TASK GOAL: The copy should begin at the line containing "Airbag Guidatore Sinistro" and end with the last line below, every line exact and no picture included.

GIVEN DATA:
* * *

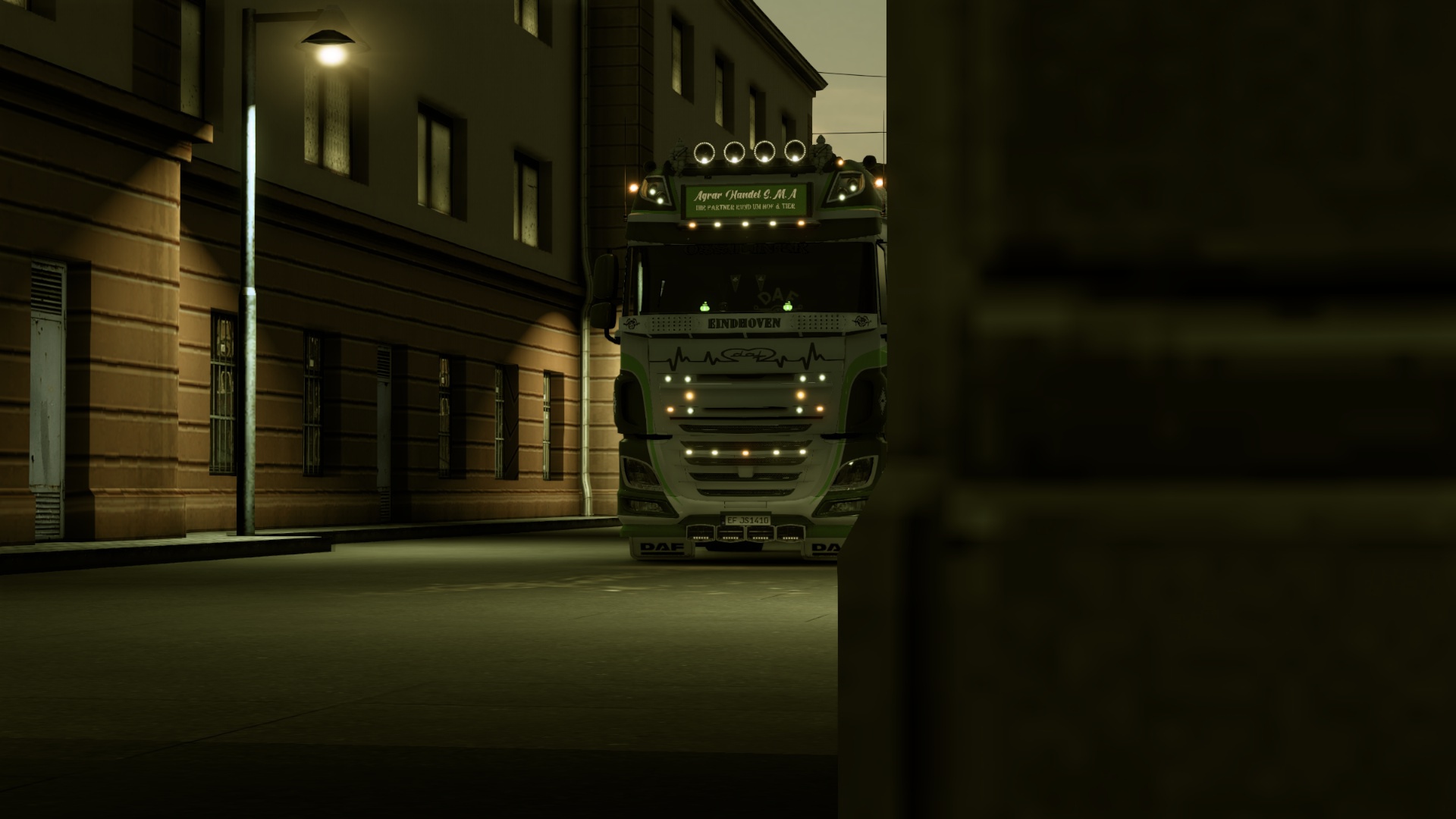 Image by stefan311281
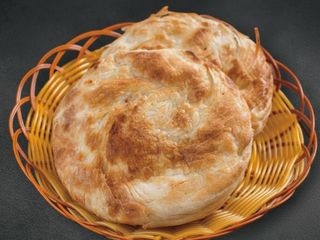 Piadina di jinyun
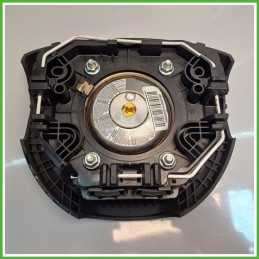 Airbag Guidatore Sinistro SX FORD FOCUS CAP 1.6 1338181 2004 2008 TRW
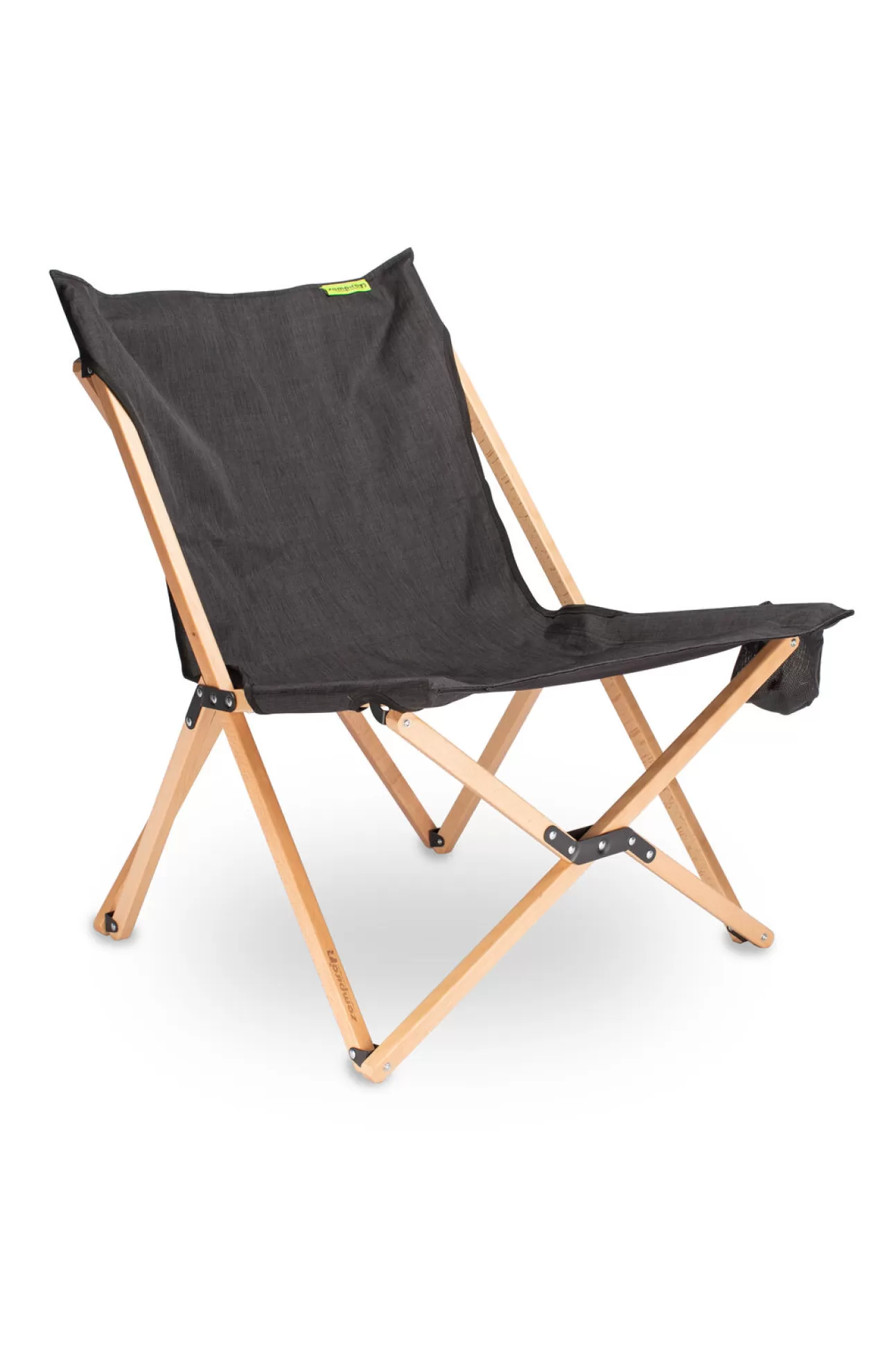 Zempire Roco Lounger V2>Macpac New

* * *

WRITTEN SOLUTION:
 Airbag Guidatore Sinistro SX FORD FOCUS CAP 1.6 1338181 2004 2008 TRW
 Zempire Roco Lounger V2>Macpac New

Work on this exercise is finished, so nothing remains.